呼吸(いき)するように愛してる
自分の家に向かいながら、再び空を見上げる。

たくさんの星がキラキラと瞬いているのに、私の願い事を叶えてくれるお星様は、一つもいなかったんだ……

保育園の七夕祭りで、短冊に書く願い事は、毎年決まっていた。

『はやくおおきくなりますように』

なのに、私はちっとも大きくなれなくて、匠くんには、とてもきれいでお似合いの『特別な女の子』ができてしまった……

「お星様の、バカッ!!」

さすがに大声は出せないけど、後頭部が背中にくっつくかもと思うくらい空を見上げ、口に出してみた。吐く息が、真っ白だ。

……私にもわかっている。これはきっと、“八つ当たり”ってヤツだ…と、この前お姉ちゃんに教えられたばかりの言葉を思い浮かべる。

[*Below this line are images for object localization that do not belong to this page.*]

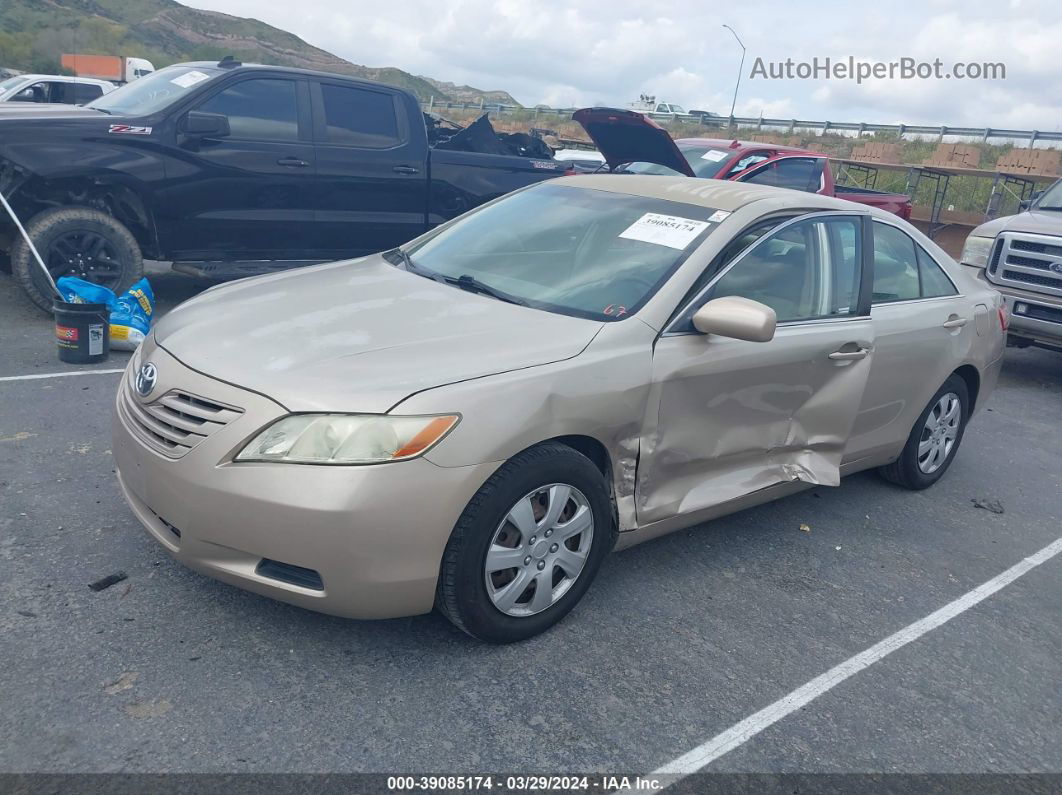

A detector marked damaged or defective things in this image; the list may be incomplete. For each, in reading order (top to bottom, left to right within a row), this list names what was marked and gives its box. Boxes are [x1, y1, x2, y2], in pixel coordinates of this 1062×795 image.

damaged toyota camry [112, 177, 1008, 644]
crumpled door panel [636, 324, 876, 528] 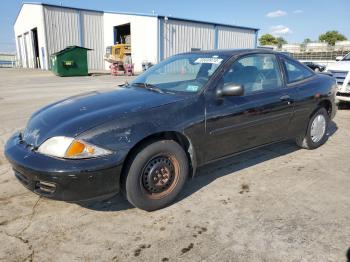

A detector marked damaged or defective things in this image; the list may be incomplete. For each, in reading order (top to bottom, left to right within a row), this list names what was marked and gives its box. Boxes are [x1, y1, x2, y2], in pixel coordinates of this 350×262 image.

damaged front bumper [4, 132, 123, 202] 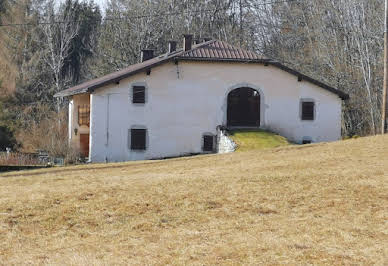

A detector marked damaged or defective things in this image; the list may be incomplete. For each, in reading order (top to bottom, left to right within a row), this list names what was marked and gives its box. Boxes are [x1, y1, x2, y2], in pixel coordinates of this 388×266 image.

rusty metal roof [53, 40, 348, 100] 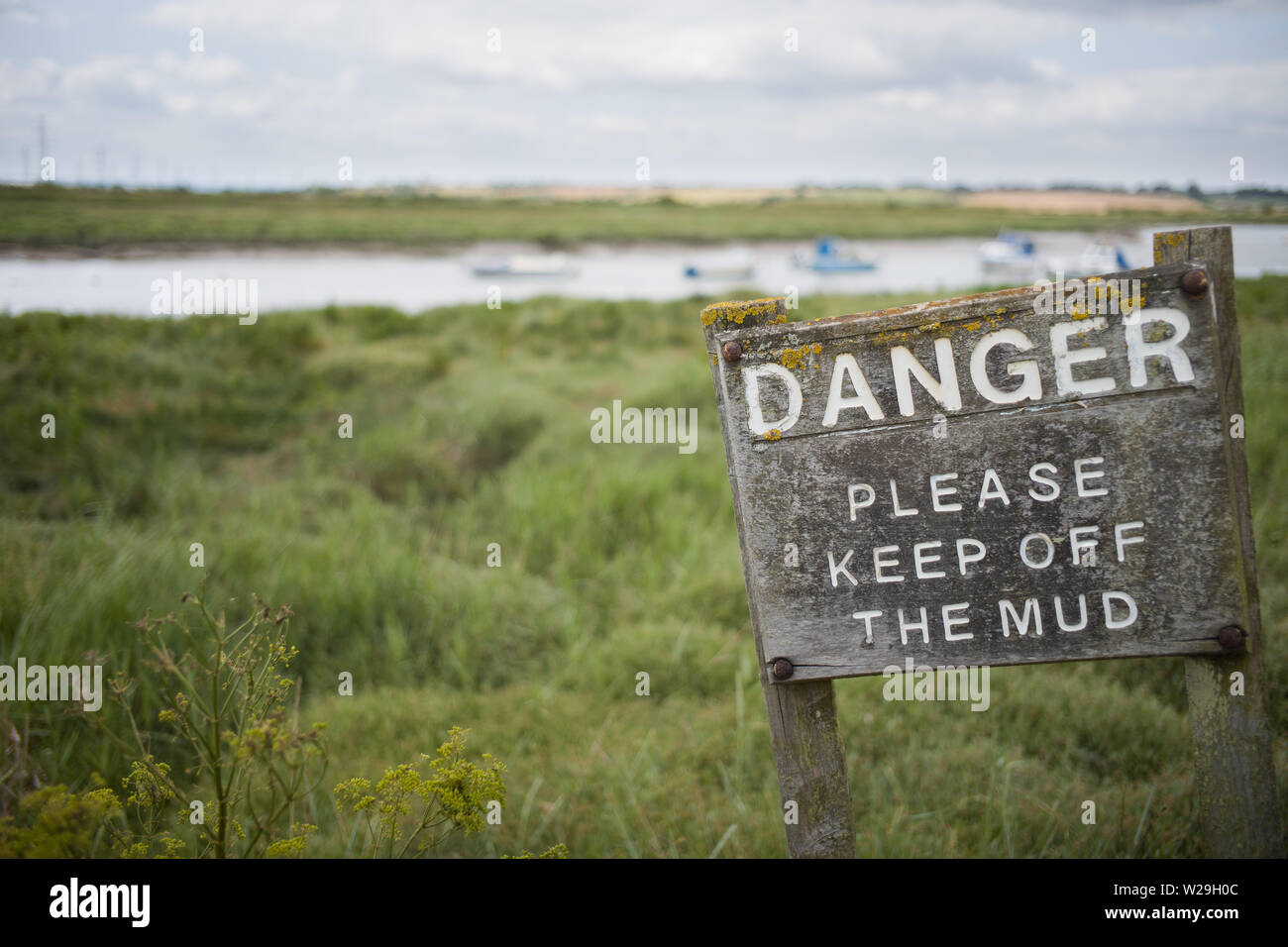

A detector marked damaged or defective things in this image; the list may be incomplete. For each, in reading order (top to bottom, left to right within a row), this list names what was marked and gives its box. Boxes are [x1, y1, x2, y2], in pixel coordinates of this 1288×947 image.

rusty screw [1179, 267, 1211, 294]
rusty screw [1216, 623, 1246, 652] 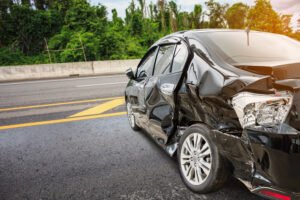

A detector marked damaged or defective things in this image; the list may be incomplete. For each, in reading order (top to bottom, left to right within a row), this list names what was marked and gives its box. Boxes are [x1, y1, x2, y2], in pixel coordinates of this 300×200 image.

damaged black car [124, 29, 300, 200]
exposed car frame [124, 29, 300, 200] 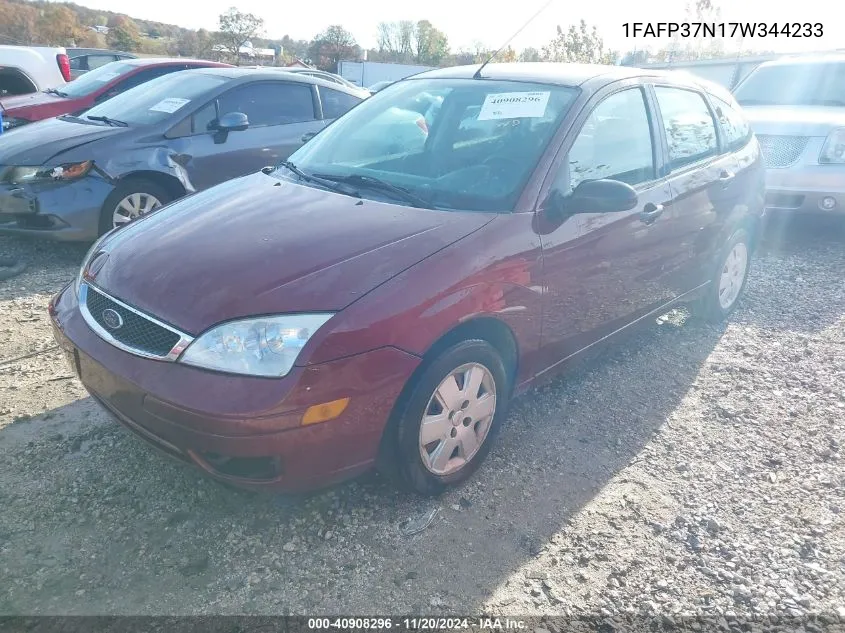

匠くんは、周りの同級生の友達と比べても背が高い。美里さんも、きっとそうだ。

……匠くんは『大きくなったら結婚しよう』と私に言った。今の匠くんと美里さんなら、できるんじゃないのかな……?

自分の考えた事に、クラッ…とする。

「美羽じゃ、ダメなの……?」

星空に向かって、力いっぱい両手を伸ばした。

「美羽!何やってんの!?シチュー冷めちゃうよ!」

突然、バン!と玄関扉が開くと、お姉ちゃんがそう叫んだ。

「っ!はー…クションッ!」

お姉ちゃんの登場に我に返って、返事をしようしたが、くしゃみが出てしまった。ブルッ!と身体が大きく震える。さむっ!!

慌てて家の中に入った。

「あんたがさっさっと帰ってこないから、私が迎えに行くはめになったじゃない!」

お姉ちゃんは、ブツブツ言っている。

「ごめんね……」

鼻水を啜りながら、お姉ちゃんに謝った。思ったよりも長い時間、外にいたようだ。

それまで気にならなかったのに、家の中に入って初めて、自分の身体が冷えきっている事に気が付いた。